§ What needs to be done
The lines to extract begin at the line that contains "Hotel Baymont by Wyndham Emporia VA photo 4" and run through the last line of the listing; reproduce them exactly, minus any pictures.

§ Given data
※ ※ ※

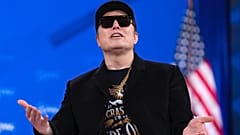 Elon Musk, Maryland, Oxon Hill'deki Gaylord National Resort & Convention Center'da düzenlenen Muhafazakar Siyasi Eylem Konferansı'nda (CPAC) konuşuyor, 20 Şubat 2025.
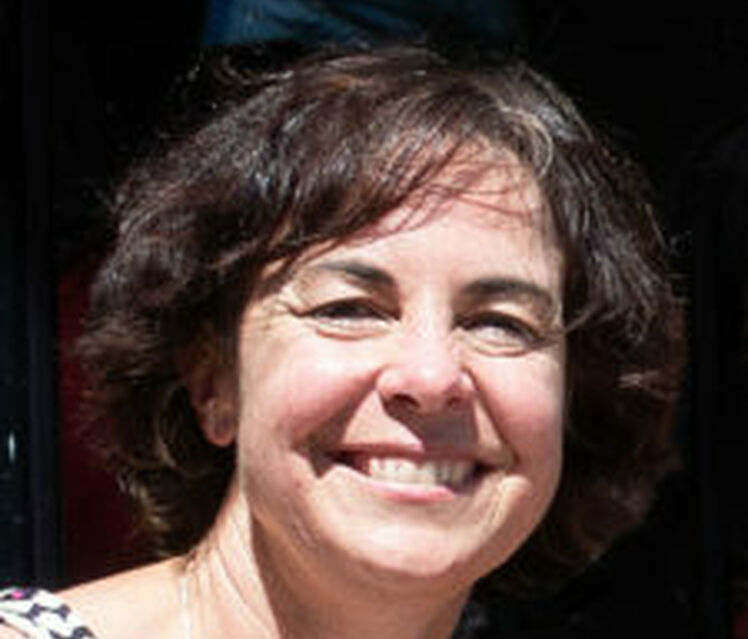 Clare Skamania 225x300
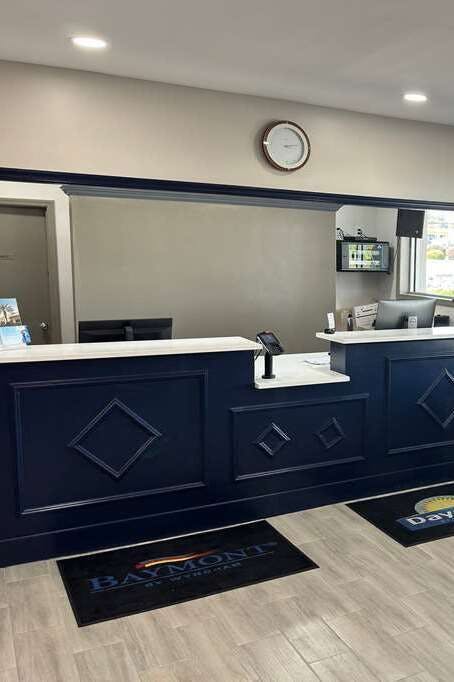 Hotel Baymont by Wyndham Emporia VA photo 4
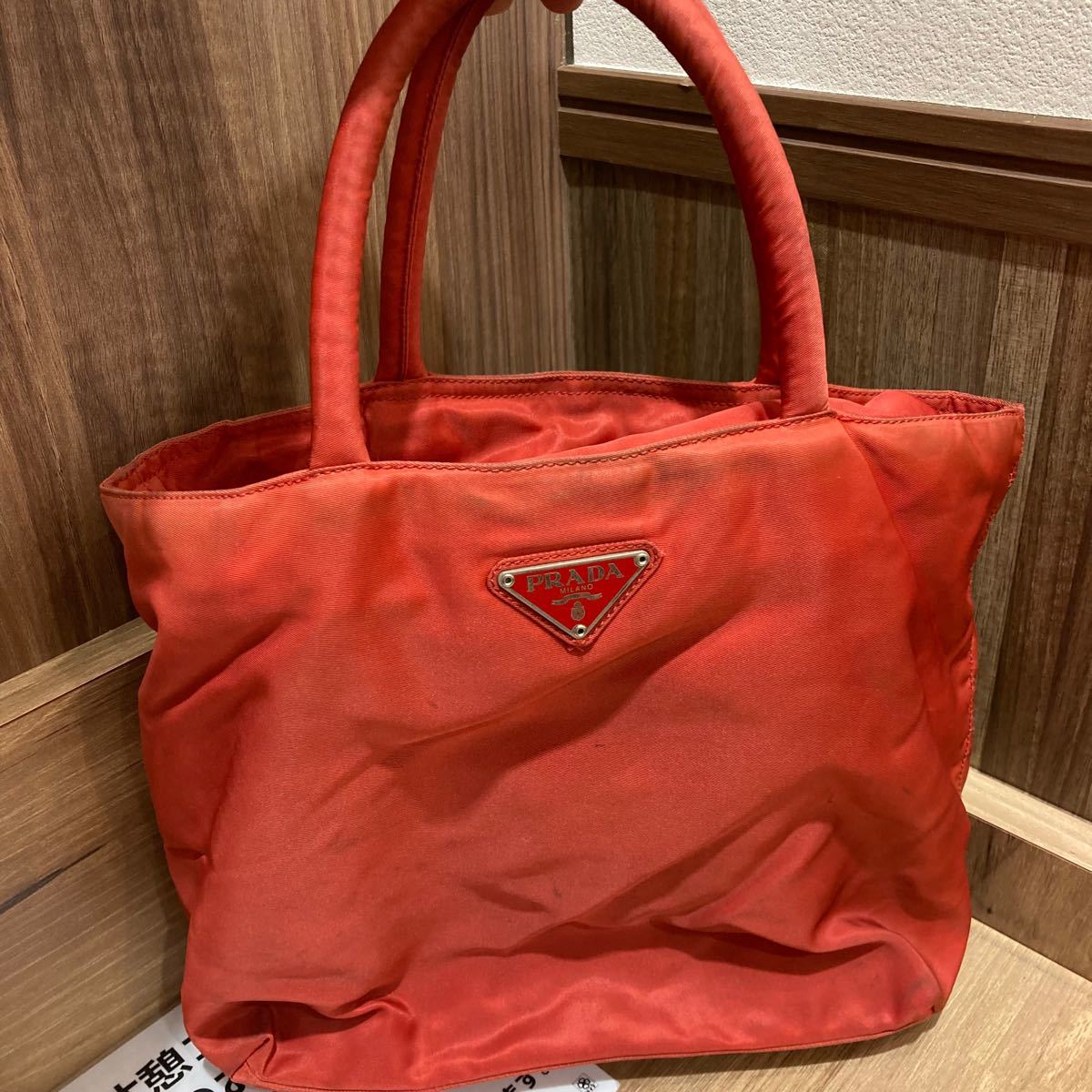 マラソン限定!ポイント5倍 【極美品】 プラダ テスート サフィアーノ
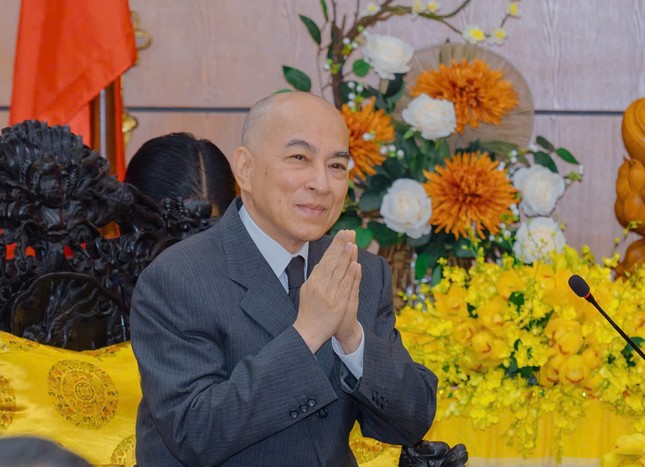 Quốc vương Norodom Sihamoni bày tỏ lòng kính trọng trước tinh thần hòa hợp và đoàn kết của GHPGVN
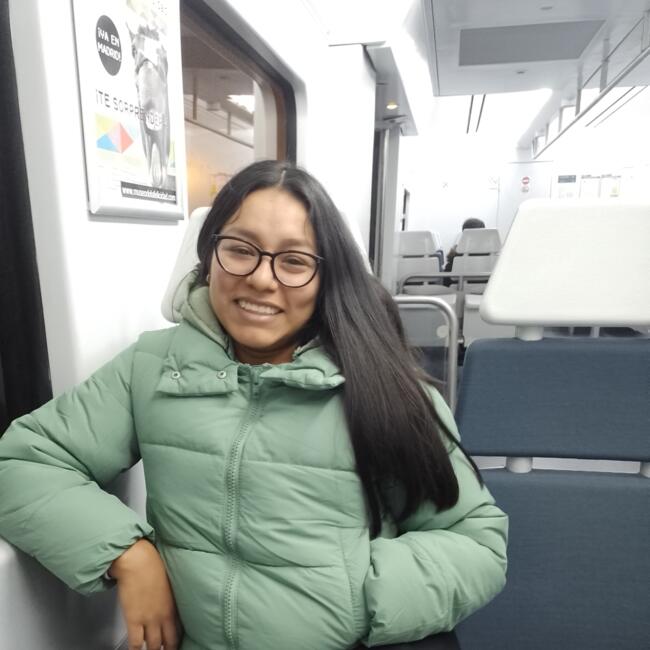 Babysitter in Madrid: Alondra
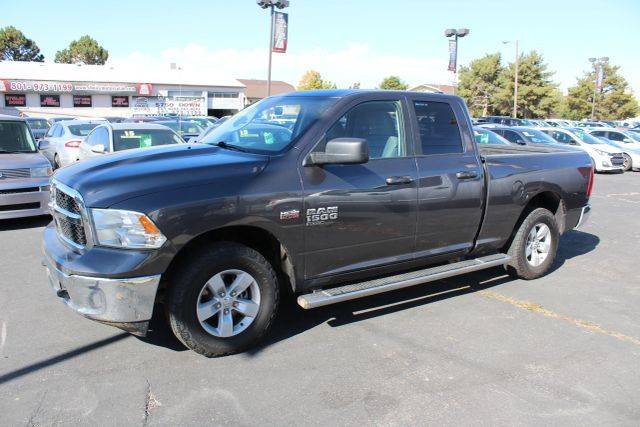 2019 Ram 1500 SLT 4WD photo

※ ※ ※

§ Problem solution
 Hotel Baymont by Wyndham Emporia VA photo 4
 マラソン限定!ポイント5倍 【極美品】 プラダ テスート サフィアーノ
 Quốc vương Norodom Sihamoni bày tỏ lòng kính trọng trước tinh thần hòa hợp và đoàn kết của GHPGVN
 Babysitter in Madrid: Alondra
 2019 Ram 1500 SLT 4WD photo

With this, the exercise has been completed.